Assignment -
Look through the records below for the line with "Ducati panigale v4". Return that line and each one after it up to and including the line with "Volkswagen Passat Variant", exactly.

Supplied material -
______________________________
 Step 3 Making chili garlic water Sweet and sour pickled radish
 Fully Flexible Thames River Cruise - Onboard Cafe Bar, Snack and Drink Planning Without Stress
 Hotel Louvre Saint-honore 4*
______________________________
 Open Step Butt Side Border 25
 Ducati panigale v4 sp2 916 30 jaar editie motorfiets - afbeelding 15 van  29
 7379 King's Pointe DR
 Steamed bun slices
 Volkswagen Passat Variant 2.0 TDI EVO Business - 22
______________________________
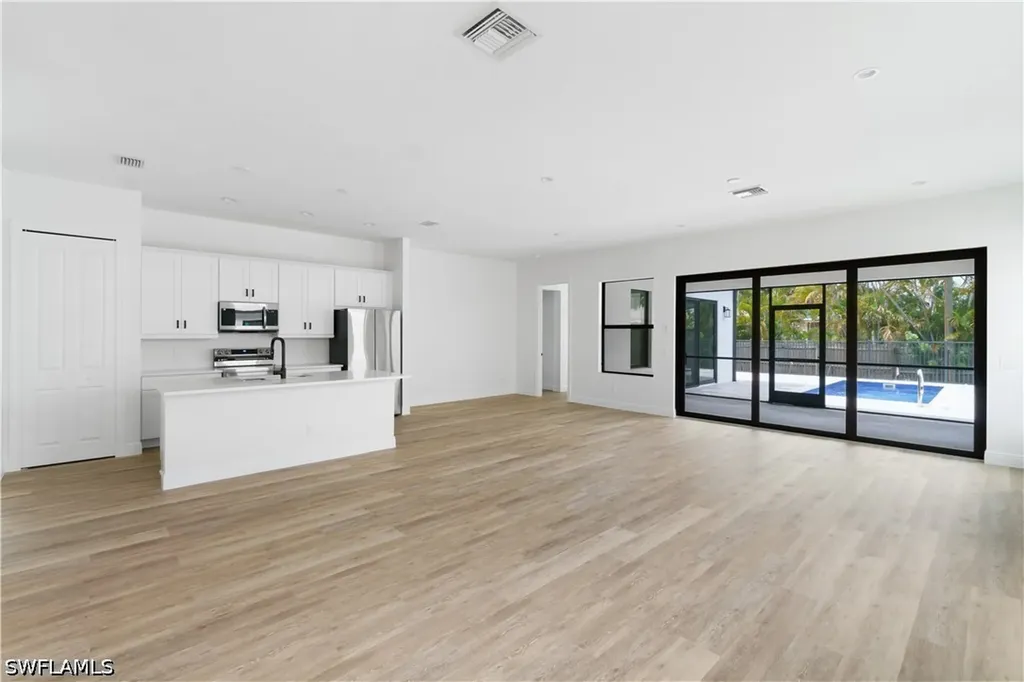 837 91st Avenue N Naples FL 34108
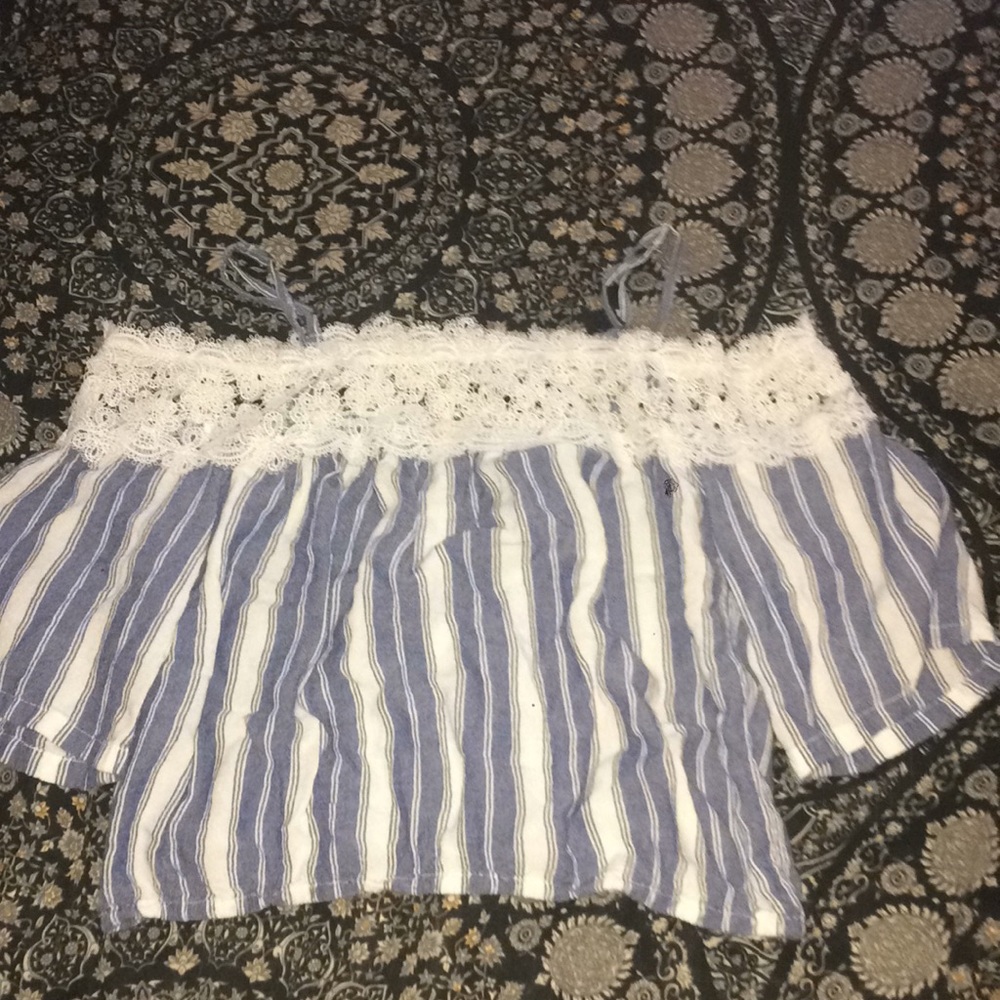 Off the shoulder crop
______________________________
Written reply -
 Ducati panigale v4 sp2 916 30 jaar editie motorfiets - afbeelding 15 van  29
 7379 King's Pointe DR
 Steamed bun slices
 Volkswagen Passat Variant 2.0 TDI EVO Business - 22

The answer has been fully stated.